Transitioning to university as a mature student…
Seth is from Belgium and has recently completed his first year of studying History and Scottish History.
Starting university is always daunting but doing so as a ‘Mature Student’ can be even more so. Of course, even in this case one size does not fit all, as the term ‘Mature Student’ covers anyone starting university that is 22 or older and that covers a lot of ground and experiences. For this blog post, I’ll mention that I am nearer to 40 than to 22 and that I just finished my 1st year of undergraduate study.
There are some things that you need to keep in mind when starting university, as a mature student, that you might not have thought about. More specifically, you need to pay attention to how your finances will change.
Something I learned on the fly, is that, as a student, you may not be eligible for most benefits – unless you also have a disability. This can be a nightmare if, like me, your situation changes, and you find yourself with a safety net missing as you are no longer eligible… So be aware of this caveat and plan accordingly.

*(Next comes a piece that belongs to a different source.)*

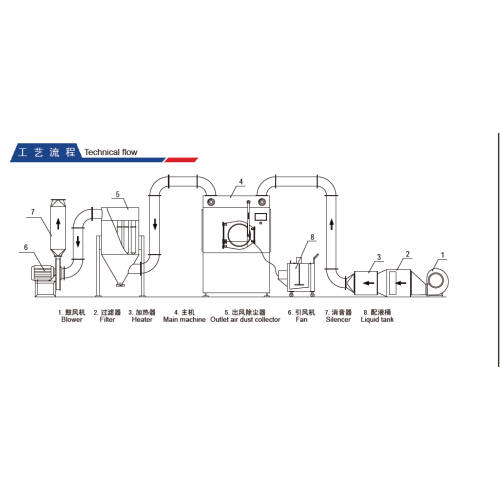 High Efficiency Tablet Film Coating Machine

On a lighter note, stop worrying about being older than your classmates or not ‘deserving’ of your place at the University of Edinburgh. There is quite a big and friendly community of mature students at Edinburgh, so you won’t stand out like a sore thumb and the University wouldn’t have given you a space if you didn’t deserve it. So, take a deep breath and enjoy the free time you have before you must worry about essay deadlines and tutorial readings.
Welcome Week is a great time to familiarise yourself with the University, meet people, discover societies and meet with your Personal Tutor (or Student Advisor).
You should meet with your PT at some point during that week and that is when they will register you for your chosen courses. Make sure you have your list ready, with backups as some courses are popular and fill up fast, before you meet with them!
This is the time to have fun and explore university life. Welcome Week is when societies and clubs offer taster sessions and city walks without having to commit to a membership, so it’s the time to test anything that tickles your fancy.
Bear in mind that your School will also organise introduction sessions that are often mandatory, so make yourself a schedule around those.
Lastly, don’t let FOMO get to you. Let yourself breathe, take your time, have fun but don’t make yourself sick with trying to do too much. Don’t forget that classes start the following week and you want to start on the right foot!
The first semester is always stressful. I don’t think there’s really any way around it. But in hindsight, it’d give myself this piece of advice:
As soon as you have your assessment due dates, mark them down then schedule in advance when you are going to do the reading, the planning, the writing and the editing for your essays, etc. This is especially useful if you end up with assessments that have close by due dates. I did this too late and ended up more stressed that what was necessary and that always tends to impact the quality of your work.
Finally, use this semester as your ‘test’ semester. Try different things out for how to study or take notes, see how full you can make your schedule without it being too much. Keep what works and drop what doesn’t. That way when next semester starts, you’ve got a solid foundation and your work can only improve.